AI in practice

Researchers find child abuse images in training data for AI image generators

Matthias Bastian
An abstract digital art piece showcasing a variety of larger silhouetted figures representing children and teenagers, depicted in a highly stylized, silhouette form. The figures are deliberately oversized and dominate the canvas, emphasizing their presence within an AI training dataset. The background zooms further into the vibrant red and blue digital glitch patterns, with dense vertical streaks symbolizing streams of data and signal noise. Each figure is reduced to its most basic, recognizable shape, lacking detail but clearly suggestive of youth. Around them, digital identifiers and tags float with a subtle glow, against the reflective surface that's intricately patterned with binary code, creating a powerful visual metaphor for the digital age.

DALL-E 3 prompted by THE DECODER

Update
  • Laion aims to complete the LAION 5B safety review in the second half of January 2024 and to bring the dataset back online.

An investigation by the Stanford Internet Observatory (SIO) has found at least 1,008 images of child sexual abuse (CSAM) in an open LAION dataset.

The dataset, called LAION-5B, contains links to billions of images, some from social media and pornographic video sites.
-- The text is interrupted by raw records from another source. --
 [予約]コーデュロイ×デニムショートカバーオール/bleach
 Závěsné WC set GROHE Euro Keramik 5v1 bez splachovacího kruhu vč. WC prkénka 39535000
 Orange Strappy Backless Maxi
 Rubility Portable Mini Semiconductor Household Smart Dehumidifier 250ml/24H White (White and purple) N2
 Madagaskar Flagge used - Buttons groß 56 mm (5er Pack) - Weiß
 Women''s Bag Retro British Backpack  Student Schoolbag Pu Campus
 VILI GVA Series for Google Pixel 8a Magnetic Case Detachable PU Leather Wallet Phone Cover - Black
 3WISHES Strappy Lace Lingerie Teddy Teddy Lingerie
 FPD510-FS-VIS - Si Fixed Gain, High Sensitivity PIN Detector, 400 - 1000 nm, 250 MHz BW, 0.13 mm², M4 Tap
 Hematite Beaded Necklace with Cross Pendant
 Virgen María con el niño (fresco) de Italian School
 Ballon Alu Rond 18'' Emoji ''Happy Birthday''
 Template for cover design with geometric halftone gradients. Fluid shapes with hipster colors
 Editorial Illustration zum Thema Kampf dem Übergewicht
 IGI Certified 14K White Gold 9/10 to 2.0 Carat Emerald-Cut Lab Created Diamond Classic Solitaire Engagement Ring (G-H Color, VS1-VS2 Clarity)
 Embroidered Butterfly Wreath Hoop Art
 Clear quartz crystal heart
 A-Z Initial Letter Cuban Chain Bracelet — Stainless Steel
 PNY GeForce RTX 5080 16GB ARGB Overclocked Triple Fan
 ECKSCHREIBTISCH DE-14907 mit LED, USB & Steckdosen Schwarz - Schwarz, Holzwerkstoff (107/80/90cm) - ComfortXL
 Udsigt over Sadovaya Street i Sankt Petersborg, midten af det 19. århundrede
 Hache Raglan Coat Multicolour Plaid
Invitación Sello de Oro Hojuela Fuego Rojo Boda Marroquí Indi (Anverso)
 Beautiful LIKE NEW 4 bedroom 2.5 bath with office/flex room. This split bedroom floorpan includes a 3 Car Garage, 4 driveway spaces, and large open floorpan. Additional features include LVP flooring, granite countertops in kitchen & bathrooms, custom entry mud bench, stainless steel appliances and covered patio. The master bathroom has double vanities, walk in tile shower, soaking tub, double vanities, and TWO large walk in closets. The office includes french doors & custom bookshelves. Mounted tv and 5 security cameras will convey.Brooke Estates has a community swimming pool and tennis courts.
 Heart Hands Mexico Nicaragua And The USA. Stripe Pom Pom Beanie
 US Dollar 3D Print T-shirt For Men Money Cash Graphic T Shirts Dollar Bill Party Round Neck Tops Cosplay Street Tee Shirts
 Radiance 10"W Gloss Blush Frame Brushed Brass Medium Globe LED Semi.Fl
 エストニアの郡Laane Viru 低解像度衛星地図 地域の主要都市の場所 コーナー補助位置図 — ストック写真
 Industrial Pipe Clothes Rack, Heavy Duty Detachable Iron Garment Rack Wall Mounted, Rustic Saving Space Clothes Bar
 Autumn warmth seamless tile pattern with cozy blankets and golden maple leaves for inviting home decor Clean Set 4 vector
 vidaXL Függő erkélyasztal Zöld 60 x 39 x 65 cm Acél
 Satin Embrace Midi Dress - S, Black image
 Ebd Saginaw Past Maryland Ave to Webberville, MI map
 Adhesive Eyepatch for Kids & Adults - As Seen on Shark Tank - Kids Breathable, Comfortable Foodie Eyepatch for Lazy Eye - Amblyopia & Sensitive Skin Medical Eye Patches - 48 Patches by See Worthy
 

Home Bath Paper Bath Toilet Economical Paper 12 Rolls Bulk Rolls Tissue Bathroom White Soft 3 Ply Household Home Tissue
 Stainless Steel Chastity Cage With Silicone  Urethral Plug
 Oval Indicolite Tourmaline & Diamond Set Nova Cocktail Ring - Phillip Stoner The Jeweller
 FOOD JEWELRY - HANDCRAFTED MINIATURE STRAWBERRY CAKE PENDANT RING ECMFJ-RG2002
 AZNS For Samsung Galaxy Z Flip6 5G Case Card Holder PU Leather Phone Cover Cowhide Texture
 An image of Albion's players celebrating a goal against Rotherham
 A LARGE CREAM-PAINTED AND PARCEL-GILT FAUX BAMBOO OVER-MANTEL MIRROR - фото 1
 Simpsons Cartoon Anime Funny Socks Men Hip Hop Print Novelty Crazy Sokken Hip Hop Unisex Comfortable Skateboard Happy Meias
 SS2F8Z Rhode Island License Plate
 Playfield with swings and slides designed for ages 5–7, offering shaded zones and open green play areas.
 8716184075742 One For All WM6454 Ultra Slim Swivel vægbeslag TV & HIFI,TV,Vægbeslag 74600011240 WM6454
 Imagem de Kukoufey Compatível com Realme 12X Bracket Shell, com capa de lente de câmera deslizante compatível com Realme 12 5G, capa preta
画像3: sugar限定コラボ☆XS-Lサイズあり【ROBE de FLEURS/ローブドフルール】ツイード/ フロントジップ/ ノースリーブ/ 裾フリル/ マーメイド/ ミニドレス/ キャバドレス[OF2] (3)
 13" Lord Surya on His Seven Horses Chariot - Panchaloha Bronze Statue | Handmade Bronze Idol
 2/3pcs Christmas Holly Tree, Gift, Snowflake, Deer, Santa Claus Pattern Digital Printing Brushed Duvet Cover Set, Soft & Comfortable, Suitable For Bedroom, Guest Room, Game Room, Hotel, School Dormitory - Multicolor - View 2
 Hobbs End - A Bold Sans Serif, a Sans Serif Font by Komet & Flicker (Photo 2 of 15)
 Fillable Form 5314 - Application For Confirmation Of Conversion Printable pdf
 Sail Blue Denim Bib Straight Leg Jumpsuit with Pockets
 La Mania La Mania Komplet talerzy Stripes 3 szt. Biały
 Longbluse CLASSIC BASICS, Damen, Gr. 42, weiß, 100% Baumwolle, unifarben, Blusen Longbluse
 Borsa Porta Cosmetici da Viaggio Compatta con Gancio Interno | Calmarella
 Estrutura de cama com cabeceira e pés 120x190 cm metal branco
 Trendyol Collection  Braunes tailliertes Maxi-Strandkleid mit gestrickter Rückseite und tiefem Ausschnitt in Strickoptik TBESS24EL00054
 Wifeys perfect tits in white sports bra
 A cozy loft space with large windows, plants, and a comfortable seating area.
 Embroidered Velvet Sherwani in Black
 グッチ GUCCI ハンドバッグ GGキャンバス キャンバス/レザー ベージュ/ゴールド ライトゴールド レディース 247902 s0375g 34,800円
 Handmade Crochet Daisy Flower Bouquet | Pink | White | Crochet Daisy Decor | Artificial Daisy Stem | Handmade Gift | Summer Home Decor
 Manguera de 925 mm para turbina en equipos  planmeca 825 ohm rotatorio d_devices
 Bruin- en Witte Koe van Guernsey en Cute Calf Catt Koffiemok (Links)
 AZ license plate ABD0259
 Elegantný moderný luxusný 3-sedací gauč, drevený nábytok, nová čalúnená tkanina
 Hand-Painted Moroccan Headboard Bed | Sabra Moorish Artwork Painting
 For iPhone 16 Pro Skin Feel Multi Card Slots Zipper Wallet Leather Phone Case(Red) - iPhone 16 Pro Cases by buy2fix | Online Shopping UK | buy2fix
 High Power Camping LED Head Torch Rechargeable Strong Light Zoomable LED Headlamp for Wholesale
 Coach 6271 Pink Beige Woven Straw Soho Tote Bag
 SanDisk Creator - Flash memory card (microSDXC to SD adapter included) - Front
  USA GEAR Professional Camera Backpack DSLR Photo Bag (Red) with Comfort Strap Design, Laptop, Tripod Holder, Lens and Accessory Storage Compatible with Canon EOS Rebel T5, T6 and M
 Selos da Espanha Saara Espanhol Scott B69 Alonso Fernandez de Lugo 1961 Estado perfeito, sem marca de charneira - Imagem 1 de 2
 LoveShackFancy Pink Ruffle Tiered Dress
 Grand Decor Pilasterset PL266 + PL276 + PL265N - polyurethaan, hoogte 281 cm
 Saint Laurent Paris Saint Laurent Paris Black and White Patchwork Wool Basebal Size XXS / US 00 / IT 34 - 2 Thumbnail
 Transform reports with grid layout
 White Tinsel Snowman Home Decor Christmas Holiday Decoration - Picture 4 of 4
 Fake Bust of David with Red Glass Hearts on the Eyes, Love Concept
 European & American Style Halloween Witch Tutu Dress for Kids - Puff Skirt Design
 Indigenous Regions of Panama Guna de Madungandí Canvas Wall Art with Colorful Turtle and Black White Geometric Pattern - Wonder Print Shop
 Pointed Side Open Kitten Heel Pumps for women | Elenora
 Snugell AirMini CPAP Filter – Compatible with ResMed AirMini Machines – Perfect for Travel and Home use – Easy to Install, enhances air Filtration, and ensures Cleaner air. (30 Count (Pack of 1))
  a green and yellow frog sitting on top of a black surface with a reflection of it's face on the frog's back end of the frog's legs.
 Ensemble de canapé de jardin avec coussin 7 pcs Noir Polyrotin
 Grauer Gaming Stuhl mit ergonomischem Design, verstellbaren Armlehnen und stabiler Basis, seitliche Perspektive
It is a common part of the data used to train AI image systems, for example by the open-source software Stable Diffusion, but also by Google for Parti or Imagen.

The Stanford Internet Observatory found that LAION-5B contains at least 1,008 cases of child sexual abuse. The dataset may also contain thousands of other suspected CSAM cases, according to the report.

CSAM images in the dataset can enable the generation of AI CSAM

The presence of CSAM in the dataset could allow AI products based on this data, such as Stable Diffusion, to create new and potentially realistic child abuse content.

Image generators based on Stable Diffusion 1.5 are particularly vulnerable to generating such images, and their distribution should be stopped, the report says. Stable Diffusion 2.0 is supposed to be safer because the LAION training dataset has been more heavily filtered for harmful and prohibited content.

In late October, the Internet Watch Foundation (IWF) reported a surge in AI-generated CSAM. Within a month, IWF analysts found 20,254 AI-generated images in a single CSAM forum on the dark web. AI-generated CSAM is also becoming more realistic, making it more difficult to investigate real cases.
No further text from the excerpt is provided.